Text size
BofA analyst Tal Liani downgraded shares of networking giant Cisco to Neutral from Buy, but kept a price target of $56.
Angel Garcia/Bloomberg
Cisco
Systems shares are sipping on Wednesday amid an otherwise buoyant stock market after BofA Global Research analyst Tal Liani cut his rating on the network infrastructure company to Neutral from Buy, while maintaining its target price of $56.
Cisco stock (ticker: CSCO) is down 0.8% at $51.69, while the
Nasdaq Compound
is up more than 1%. Cisco shares have underperformed the market this year, gaining 9%, well below the Nasdaq’s 38% rally.
Liani’s thesis is that Street’s estimates for Cisco’s product revenue growth appear too high for July 2024 fiscal year and for fiscal 2025. His view is that Cisco’s projected product revenue growth this fiscal year of 13%, which followed growth of 6% in fiscal year 2022, was unsustainably driven by a reduction in what has been a historically high backlog, which has accumulated during shortages of components that have emerged during the pandemic. Note that product revenue represented approximately 75% of overall revenue in the first nine months of fiscal 2023.
Liani notes that the consensus calls for revenue growth of 3% year-over-year in fiscal 2024 and 2% in 2025. But he said that would imply product revenue “much more higher than historical levels”.
The analyst notes that since fiscal 2012, Cisco’s annual product revenues have ranged from $36 billion to $39 billion, of which about 80% comes from switches, routers, and Wi-Fi networking hardware and wireless. He says product revenue for fiscal year 2023 is expected to be $43 billion, driven by a $5-6 billion backlog reduction, or $37 billion without the backlog increase.
Liani explains that Street’s current estimates call for product revenue of $44.2 billion in fiscal 2024 and $45.3 billion in fiscal 2025, without further backlog support. He noted that the backlog should normalize by the second half of the next fiscal year. According to him, the forecast assumes a strong recovery in orders and indicates a risk of significant disappointment.

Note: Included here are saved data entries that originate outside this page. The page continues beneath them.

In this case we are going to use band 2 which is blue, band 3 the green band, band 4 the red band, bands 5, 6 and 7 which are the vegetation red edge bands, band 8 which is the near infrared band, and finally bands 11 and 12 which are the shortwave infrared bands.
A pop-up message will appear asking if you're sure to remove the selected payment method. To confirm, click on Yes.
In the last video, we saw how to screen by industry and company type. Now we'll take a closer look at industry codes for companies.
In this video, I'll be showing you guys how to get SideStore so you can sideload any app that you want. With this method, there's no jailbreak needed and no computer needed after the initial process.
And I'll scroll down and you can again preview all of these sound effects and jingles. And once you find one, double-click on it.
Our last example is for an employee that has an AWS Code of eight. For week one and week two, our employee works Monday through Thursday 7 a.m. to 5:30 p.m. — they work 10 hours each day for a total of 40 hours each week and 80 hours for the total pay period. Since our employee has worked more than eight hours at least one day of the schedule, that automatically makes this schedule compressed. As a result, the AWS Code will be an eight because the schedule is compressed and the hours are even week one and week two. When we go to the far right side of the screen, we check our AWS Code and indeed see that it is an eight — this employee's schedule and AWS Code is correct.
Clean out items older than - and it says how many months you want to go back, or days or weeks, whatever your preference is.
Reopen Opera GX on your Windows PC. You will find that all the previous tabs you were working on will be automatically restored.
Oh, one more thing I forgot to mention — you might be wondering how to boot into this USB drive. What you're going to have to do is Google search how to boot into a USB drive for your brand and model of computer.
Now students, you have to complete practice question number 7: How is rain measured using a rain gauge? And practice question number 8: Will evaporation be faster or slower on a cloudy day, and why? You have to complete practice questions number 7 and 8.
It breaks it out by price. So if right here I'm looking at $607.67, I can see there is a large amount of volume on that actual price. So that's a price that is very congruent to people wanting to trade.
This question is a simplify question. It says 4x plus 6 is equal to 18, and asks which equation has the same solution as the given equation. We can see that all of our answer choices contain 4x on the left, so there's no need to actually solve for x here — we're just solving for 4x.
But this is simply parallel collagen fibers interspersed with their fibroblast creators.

Cisco is expected to release its financial results for the fourth fiscal quarter and the year in mid-August.
Cisco stock lost ground after its fiscal third quarter earnings report in May, largely due to a sharp drop in orders – the figure fell 23%, after falling 22% in the second quarter.
In an interview with Barrons in May, Cisco Chief Financial Officer Scott Herren said there were three factors built into the drop in orders. One factor, he said, is that lead times have dropped sharply as component availability has improved. He noted that delivery times have decreased by around 40% over the past two quarters. With shorter lead times, he said, customers are less aggressive in ordering.
A second factor, Herren said, is that Cisco’s improved ability to ship products means some customers are in a digestion period, working on completed orders. Last but not least, he notes that Cisco is experiencing an extended sales cycle for service providers and other large customers.
“Now is the time to be careful,” he said.